WORK ORDER
Retype every line of the data below, starting with the first and ending with the line that contains "Event MachAuto Expo Delhi", but leave out the pictures.

>>>>>

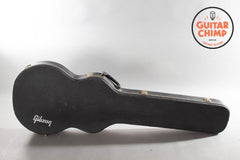 1975 Gibson Grabber Bass - Black Finish - Original Hard Case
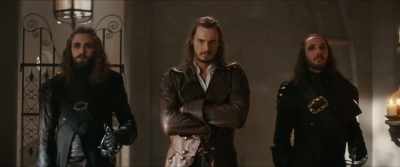 You will do exactly
as you've been ordered. - The King's Daughter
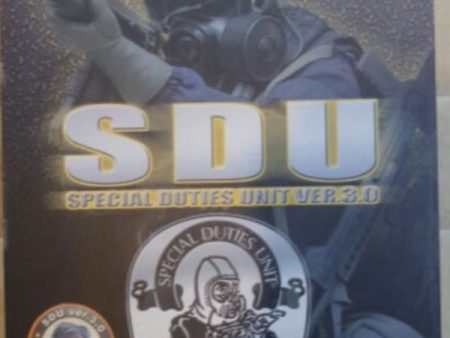 Hot Toys 1 6 12  SDU Special Duties Unit Ver 3.0 Action Figure Discount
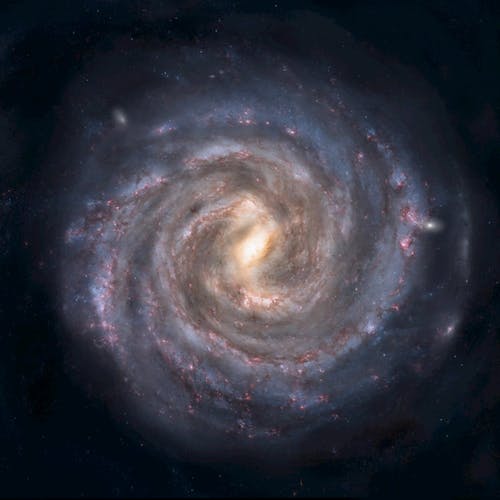 银河 · 免费素材视频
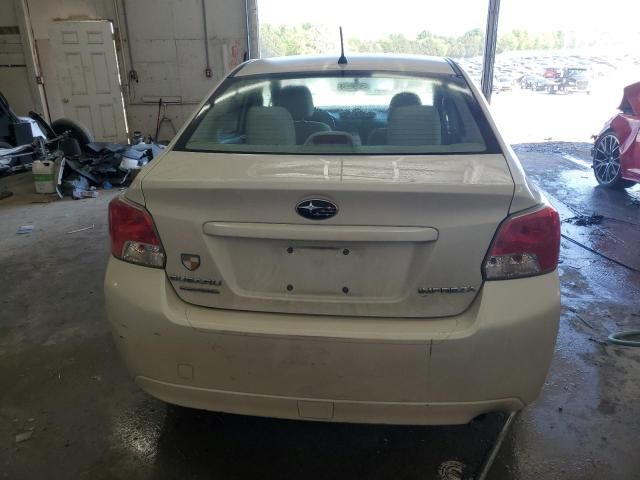 2012 Subaru Impreza Premium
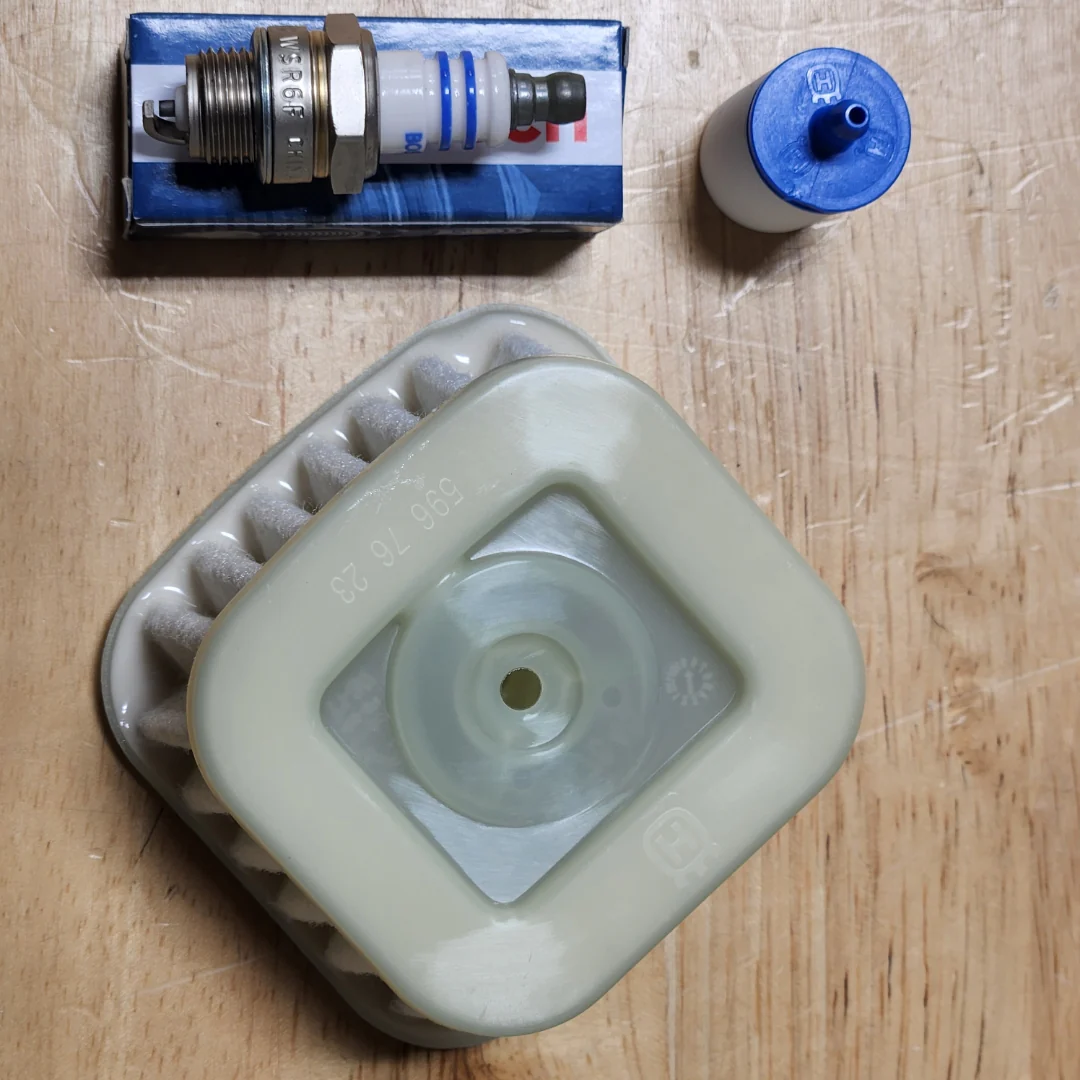 Standard Maintenance Kit - Select A Saw - Image 4
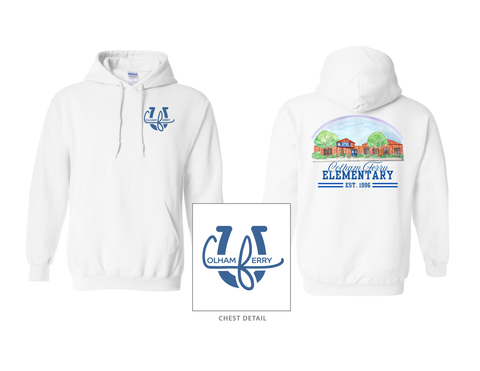 CFES Hoodie - 2 Colors Available (Youth and Adult)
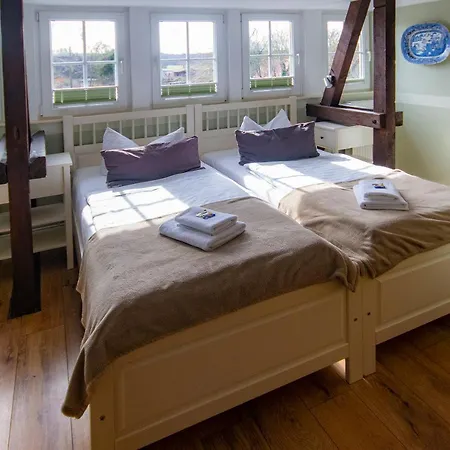 Himmelreich Ruegen Апарт-отель 3*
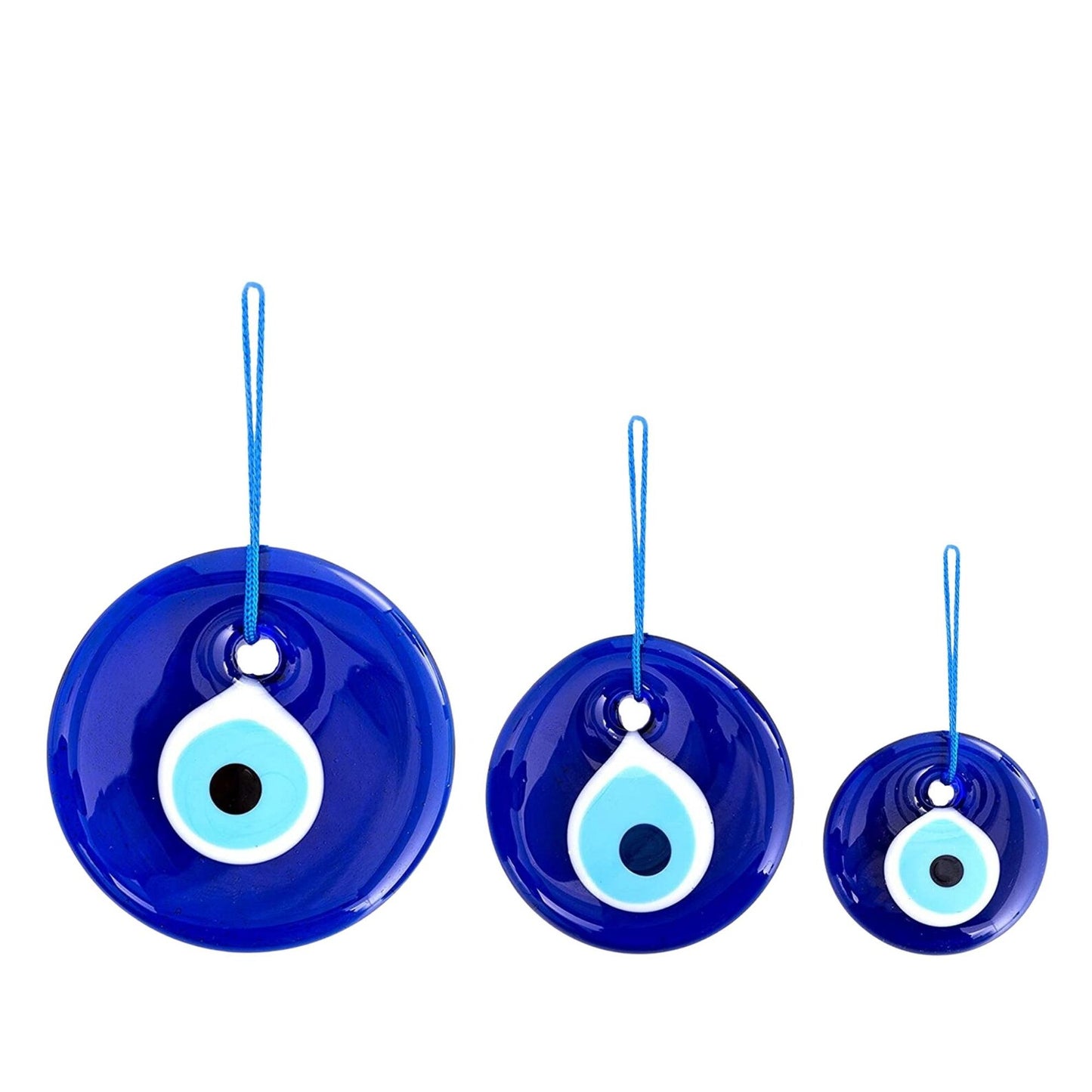 1" Evil Eye Amulet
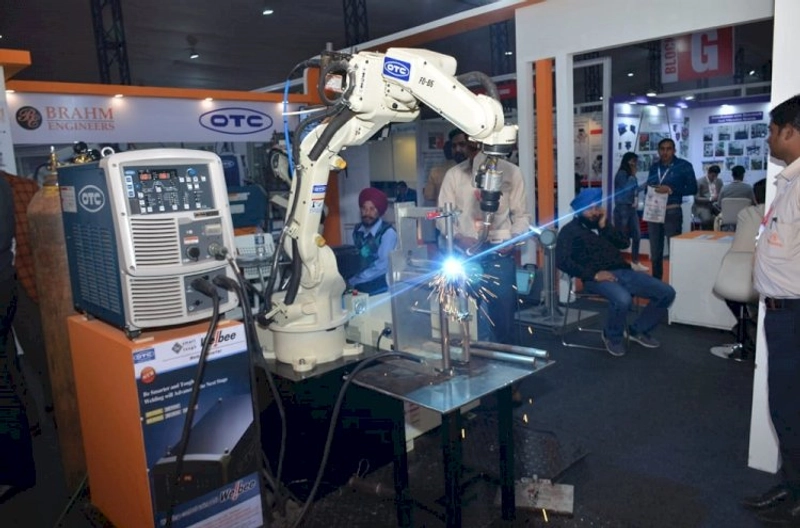 Event MachAuto Expo Delhi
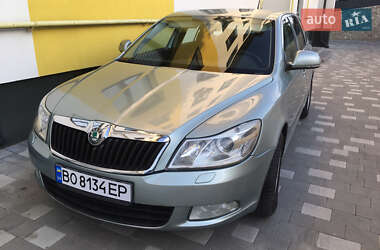 Універсал Skoda Octavia 2012 в Тернополі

<<<<<

RESULT FOR THIS TASK
 1975 Gibson Grabber Bass - Black Finish - Original Hard Case
 You will do exactly
as you've been ordered. - The King's Daughter
 Hot Toys 1 6 12  SDU Special Duties Unit Ver 3.0 Action Figure Discount
 银河 · 免费素材视频
 2012 Subaru Impreza Premium
 Standard Maintenance Kit - Select A Saw - Image 4
 CFES Hoodie - 2 Colors Available (Youth and Adult)
 Himmelreich Ruegen Апарт-отель 3*
 1" Evil Eye Amulet
 Event MachAuto Expo Delhi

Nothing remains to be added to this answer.